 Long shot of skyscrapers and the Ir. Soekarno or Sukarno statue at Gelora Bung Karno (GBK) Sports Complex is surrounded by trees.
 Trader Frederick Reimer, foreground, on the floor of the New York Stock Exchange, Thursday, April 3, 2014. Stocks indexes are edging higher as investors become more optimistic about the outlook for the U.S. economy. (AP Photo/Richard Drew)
■ ■ ■ ■ ■ ■ ■
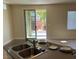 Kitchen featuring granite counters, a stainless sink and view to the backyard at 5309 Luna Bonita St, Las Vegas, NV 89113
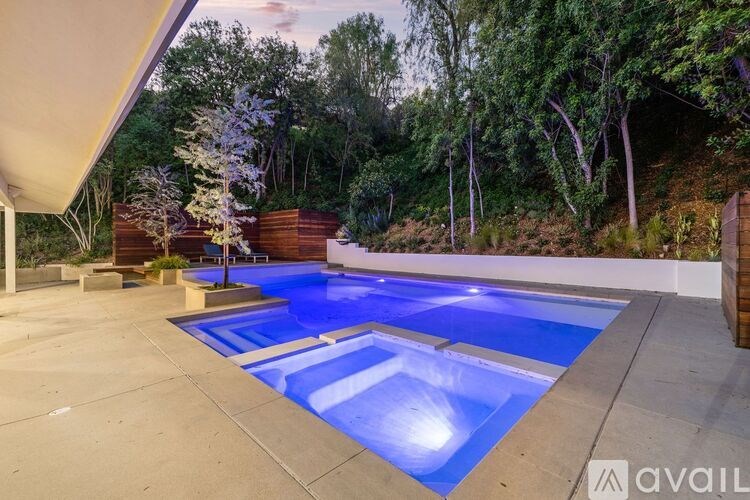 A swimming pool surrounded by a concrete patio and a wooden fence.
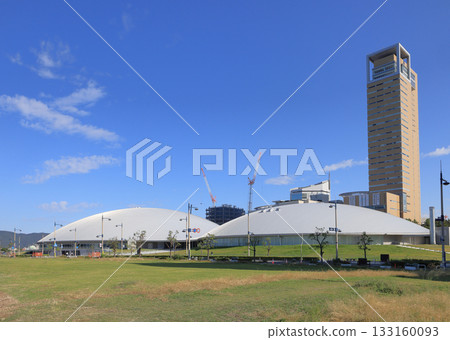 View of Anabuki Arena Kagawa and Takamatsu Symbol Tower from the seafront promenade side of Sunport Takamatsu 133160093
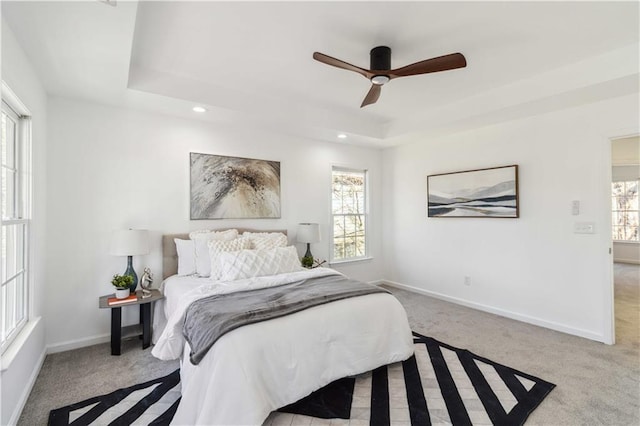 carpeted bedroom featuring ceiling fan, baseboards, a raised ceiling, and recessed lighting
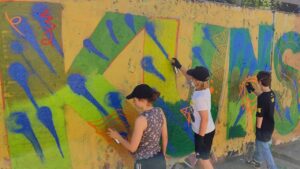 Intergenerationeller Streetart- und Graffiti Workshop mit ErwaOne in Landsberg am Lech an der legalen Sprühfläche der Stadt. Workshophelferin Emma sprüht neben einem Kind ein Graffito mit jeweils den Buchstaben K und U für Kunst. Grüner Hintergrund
■ ■ ■ ■ ■ ■ ■
▶ YOUR GOAL
Reproduce, word for word, everything in the listing above from the line containing "carpeted bedroom featuring" down to the line containing "Intergenerationeller Streetart- und", both of them included. No pictures.

▶ RESPONSE FOR THIS EXERCISE
 carpeted bedroom featuring ceiling fan, baseboards, a raised ceiling, and recessed lighting
 Intergenerationeller Streetart- und Graffiti Workshop mit ErwaOne in Landsberg am Lech an der legalen Sprühfläche der Stadt. Workshophelferin Emma sprüht neben einem Kind ein Graffito mit jeweils den Buchstaben K und U für Kunst. Grüner Hintergrund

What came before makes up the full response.